Izzo si esaltava nel dare ordini. Provava gusto nel vedermi soffrire. A un certo punto, ho sentito una voce che diceva: — Questa non muore mai! —. Allora ho deciso di stare immobile, come un animale paralizzato di fronte al pericolo. Sono rimasta così ferma che Izzo e gli altri due hanno pensato di avermi uccisa. Mi colpivano e io non fiatavo: una morta non prova dolore.
Poi, assieme a Rosaria, che avevano annegato nella vasca da bagno, al piano di sopra, ci hanno caricate nel bagagliaio di una macchina.
Ricordo che durante il viaggio verso Roma scherzavano: — Silenzio! Qui ci sono due morte —. E nel mangianastri avevano messo la colonna sonora dell’Esorcista. Per fortuna, arrivati a Roma, hanno parcheggiato la macchina. Volevano andare a cena prima di disfarsi dei nostri corpi. Quando non li ho più sentiti, ho cominciato a urlare con il poco fiato che mi era rimasto.
Ho affrontato un processo a porte aperte. Ricordo l’avvocato di Izzo che diceva: — I tre giovani non volevano uccidere la Colasanti. L’hanno colpita in testa ma non è uscito neanche un po’ di cervello
Nel 2012 ho conosciuto Letizia Lopez, sorella di Rosaria, in occasione di uno spettacolo sui fatti del Circeo: “L’importanza di chiamarsi Donatella”, di Donatella Mei. Era evidente, parlando con lei, quanto la vicenda avesse colpito le famiglie Lopez e Colasanti, che avevano subito, a detta di Letizia, pressioni per ottenere il ritiro delle denunce e altre richieste rivolte in maniera continuativa e quasi intimidatoria
Letizia era convinta che quel 29 settembre al Circeo non ci fossero solo Izzo, Ghira e Guido: era certa che anche altri soggetti, almeno 3, avevano partecipato al massacro e che non fossero stati indagati e neppure nominati nelle denunce e nei processi, in virtù della loro appartenenza a famiglie altolocate e potenti, Mi disse che Izzo, prima del Circeo, aveva già stuprato delle ragazze, sembra studentesse del suo liceo, che non lo avevano denunciato per la vergogna; per queste violenze aveva anche inventato un termine “lo sfascio”.
Andrea Ghira pare sia deceduto nel 1994, a 41 anni, per overdose mentre era in forze alla Legione Straniera, e sepolto sotto una lapide che riporta il nome di Massimo Testa de Andres.
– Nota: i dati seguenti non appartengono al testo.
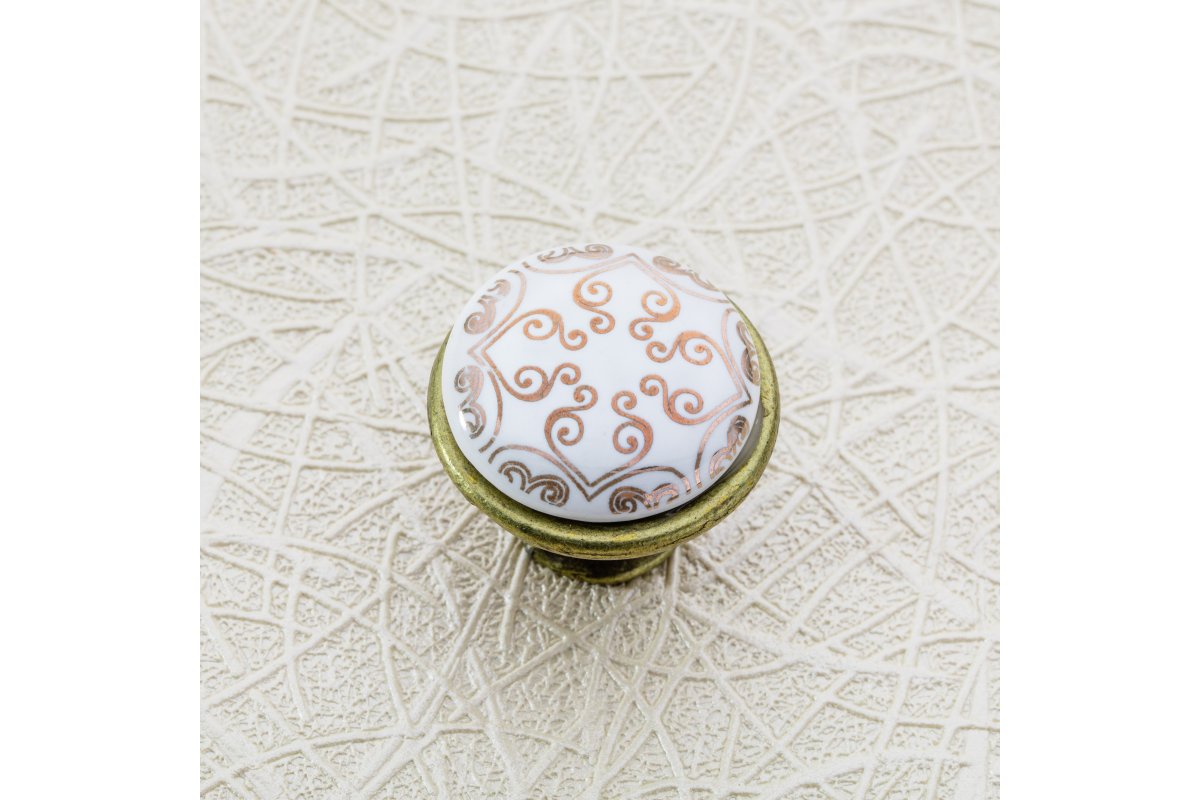 Porculanska gumb ručka, orijentalno zlato , WP-0728 J4 C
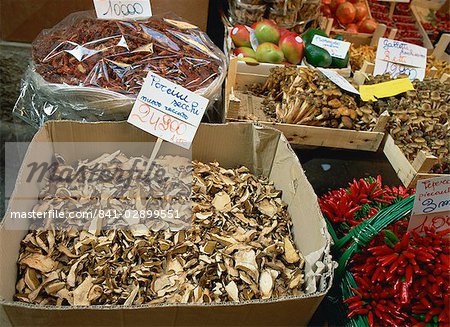 Champignons à vendre sur le marché à Bologne, Emilia Romagna, Italie, Europe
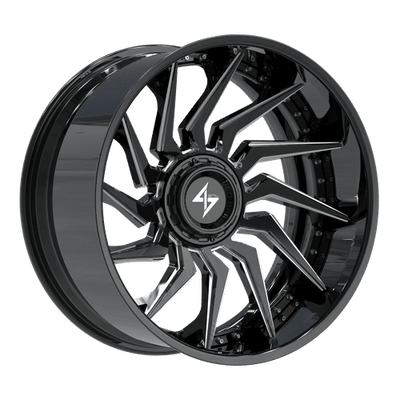 Sentali - BFX-4 - Black - Gloss Black Lip / Gloss Black Milled Centre - 22" x 12", -44 Offset, 8x165.1/170 (Bolt pattern), 125.2mm HUB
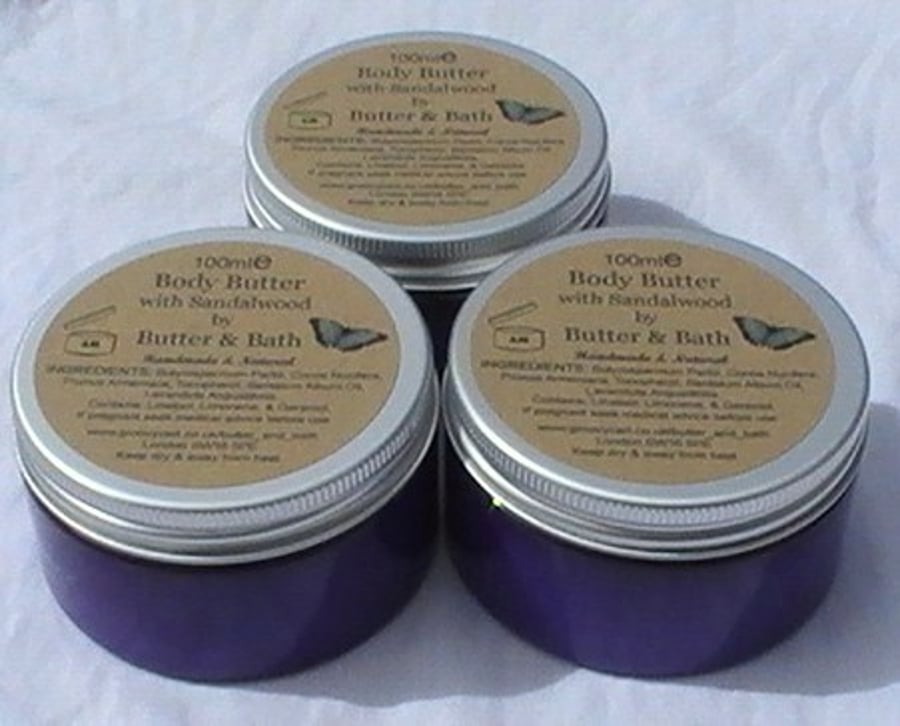Natural Handmade Body Butter with Pure Sandalwood, Body Lotion, Hand Cream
Angelo Izzo sta scontando due ergastoli. Gianni Guido, ha saldato il suo debito con la giustizia nel 2009, con uno sconto di pena di 8 anni ottenuto grazie all’indulto. E’ stato visto spesso a Roma mentre camminava, un signore di mezza età come tanti, dall’aspetto normale e, quasi, inoffensivo.